Tool Talk
Woodworking Forum => Woodworking Forum => Topic started by: Bill Houghton on January 16, 2015, 06:02:25 PM
-
I picked up some handscrews at a yard sale last week. Three of them were classic wood-screw handscrews, which I've seen but never owned, but one was an oddity, designed like the traditional wood screw tool, but with metal screws operating in T-nut-like inserts in the jaws. In the picture, the handscrews are, left to right, a wood-screw model, the metal-screw model oddity, and a modern Jorgsensen-type handscrew with left and right hand threads.
The screws on the metal-screw oddity are buttressed toward the handle, which seems overkill, but the company (all I can read of the maker's label is "---o Vise Company," with, perhaps, a California location) was obviously determined to put a good product out there.
When we first moved back to California in 1973, the local library had quite a few old beginner's woodworking texts.
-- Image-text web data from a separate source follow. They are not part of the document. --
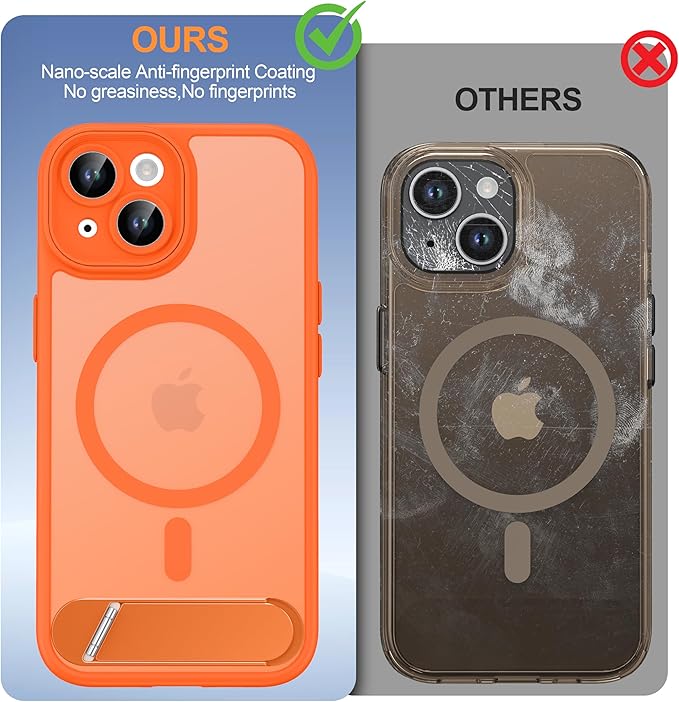 Magnetic Compatible with iPhone 15 Case, [Built-in Invisible Kickstand][Compatible with MagSafe][Full Camera Protection] Translucent Matte Phone Case for iPhone 15 6.1",Orange
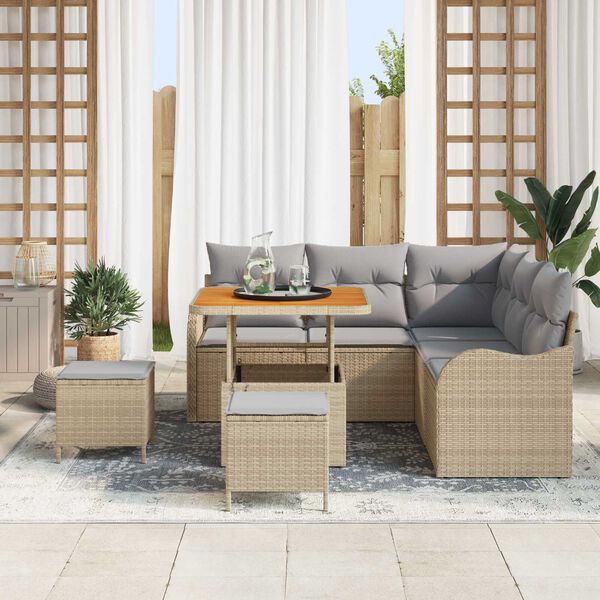 vidaXL Tuin Sofa Set 8 pcs Beige poly rattan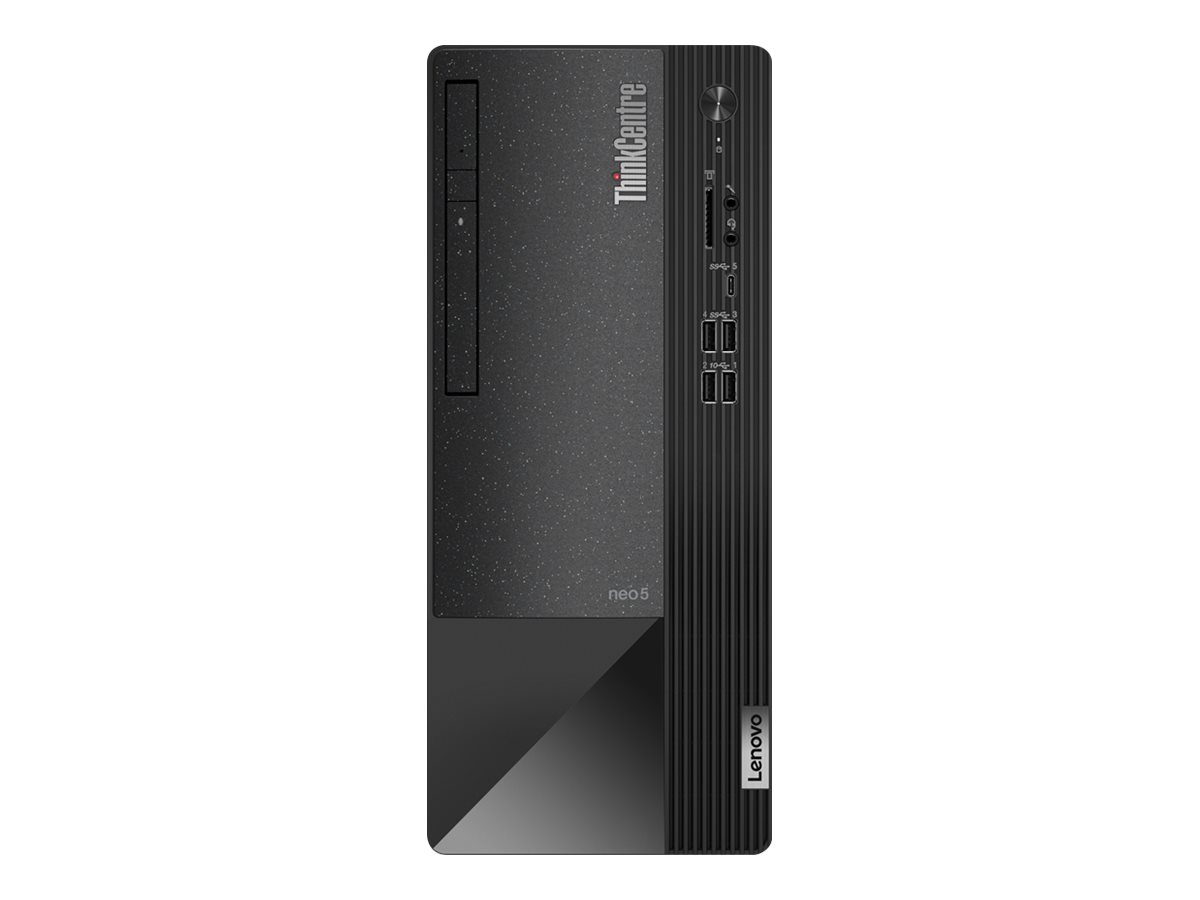 Lenovo ThinkCentre neo 50t 11SC - Tower - Core i5 12400 / 2.5 GHz - RAM 16 GB - SSD 512 GB - TCG Opal Encryption 2, NVMe - DVD-Writer - UHD Graphics 730 - GigE - Win 11 Pro - Monitor: keiner - Tastatur: Deutsch - schwarz (Gestell), grau (Blende) - To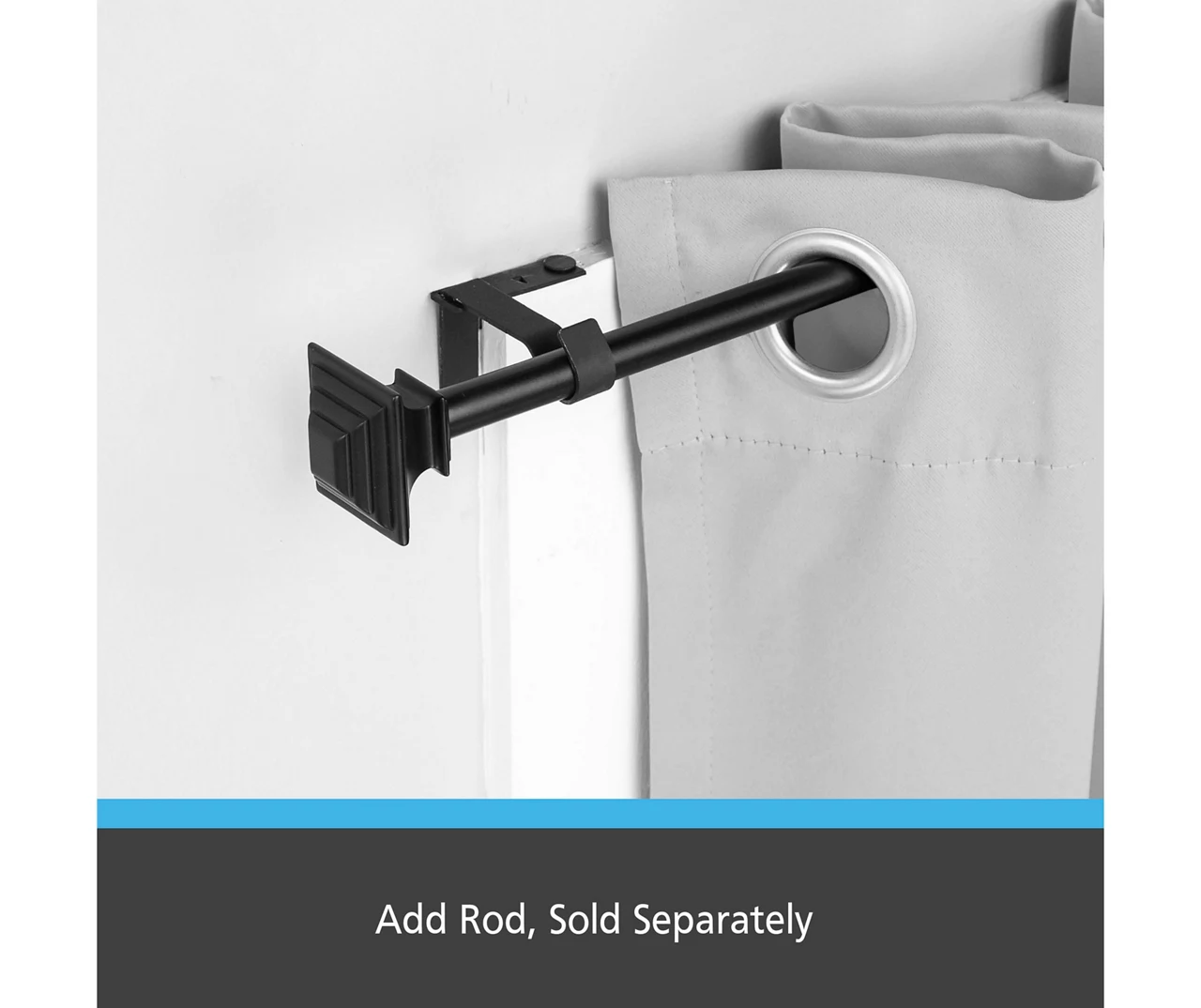 Matte Black Fast Fit No Measure Curtain Rod Brackets, 2-Pack - Image 7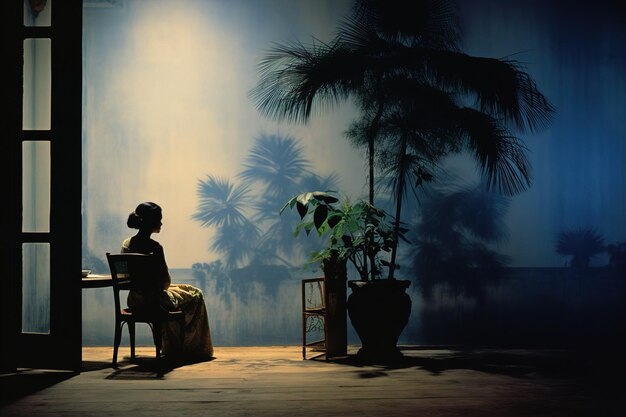 een vrouw zit voor een schilderij dat zegt palm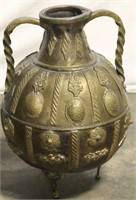 ANTIQUE COPPER & BRASS JAR WITH HANDLES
I recall one warning against getting the jaws on a wood-screw handscrew out of parallel, with a frightening picture of the screws splitting from being strained off-axis. Sure enough, the middle screw on the metal-screw oddity is bent.
-
Nice clamps!!
-
Nice clamps!!
I don't have a big enough space to spread out the whole handscrew clamp herd for a photo, although I guess I could stack them up. I lucked into a couple of yard sales with lots of them a few years back, which kind of overwhelmed the handful I had up until then.
I need to get done with this going-on-forever house refurbishment, so I can make projects that require the use of the clamps!